Article written by:
Kaz Unalan, CPA
Director, Tax & Business Advisory Services
On Friday, April 17, 2020, the IRS issued Rev. Proc. 2020-25 on how to take advantage of the recently enacted technical correction to the rules for Qualified Improvement Property (QIP) that was part of the CARES Act.
Within the CARES Act, Congress addressed the much anticipated “restaurant/retail glitch” associated with the 2017 Tax Cuts and Jobs Act (TCJA). This rule previously prevented investments in QIP from qualifying for bonus depreciation. With the passing of the CARES Act, the recovery period for QIP is reduced from 39 years to 15 years, thus making it eligible for 100% bonus depreciation through 2022. This change is retroactive to January 1, 2018, forward.

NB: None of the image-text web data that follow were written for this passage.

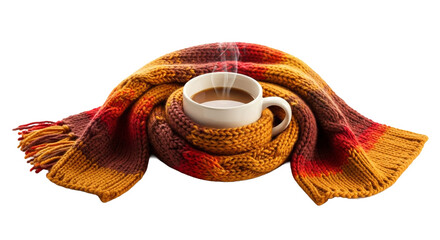A steaming cup of coffee nestled in a cozy orange and red knitted scarf on a black background
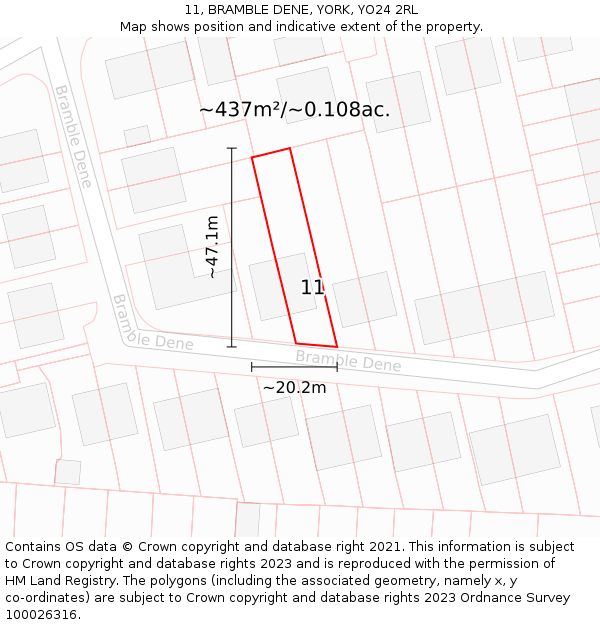 11, BRAMBLE DENE, YORK, YO24 2RL: Plot and title map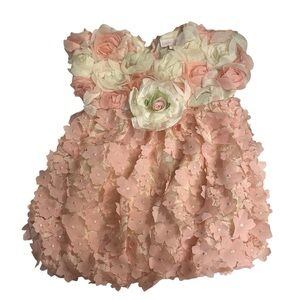 Cachcach 18 Month Pink and White Onesies 3 D Floral Appliqué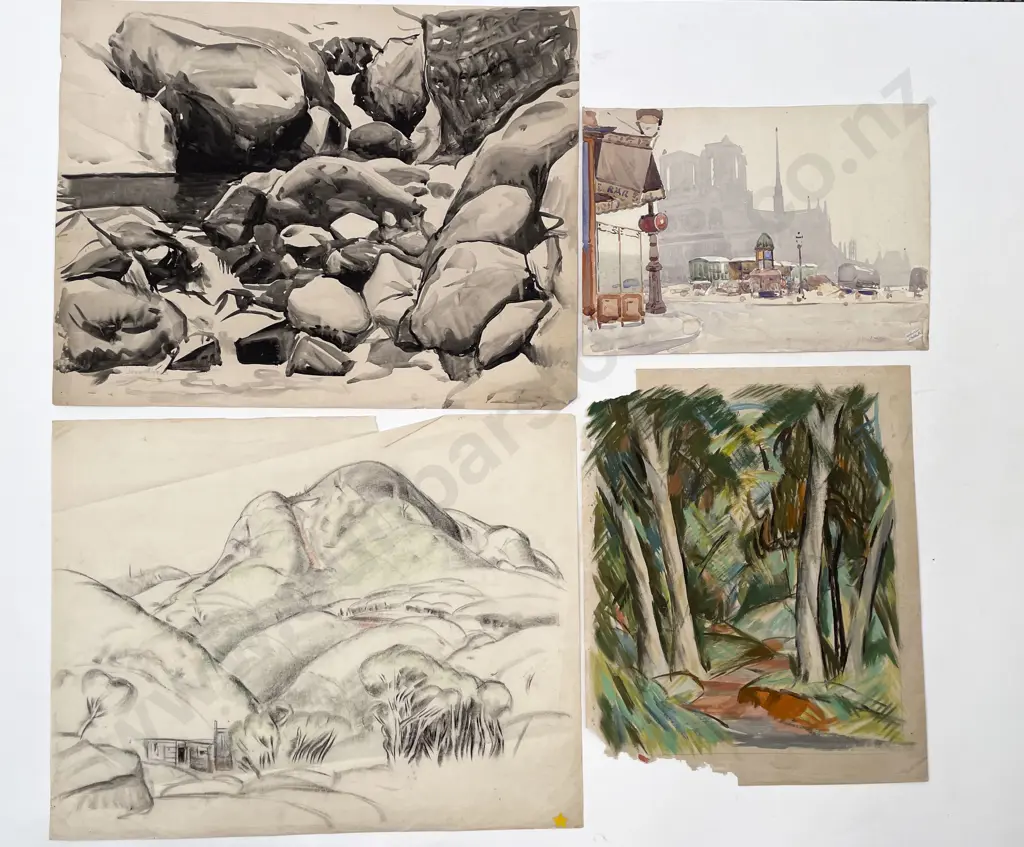 John Weeks (1888 - 1965) - Four Landscape Studies (unframed) Image 1++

Under Rev. Proc. 2020-25, the IRS issued procedural guidance on three ways taxpayers can take advantage of the QIP correction on their tax returns. Certain taxpayers can elect to take 100% bonus depreciation on the qualified improvement property by filing an amended return, an Administrative Adjustment Request (AAR) under Sec. 6227, or a Form 3115, Application for Change in Accounting Method, to change their depreciation of QIP placed in service after Dec. 31, 2017, in the taxpayers’ 2018, 2019, or 2020 tax year. Based on your specific facts and circumstances, each option should be reviewed to determine the best course of action to take.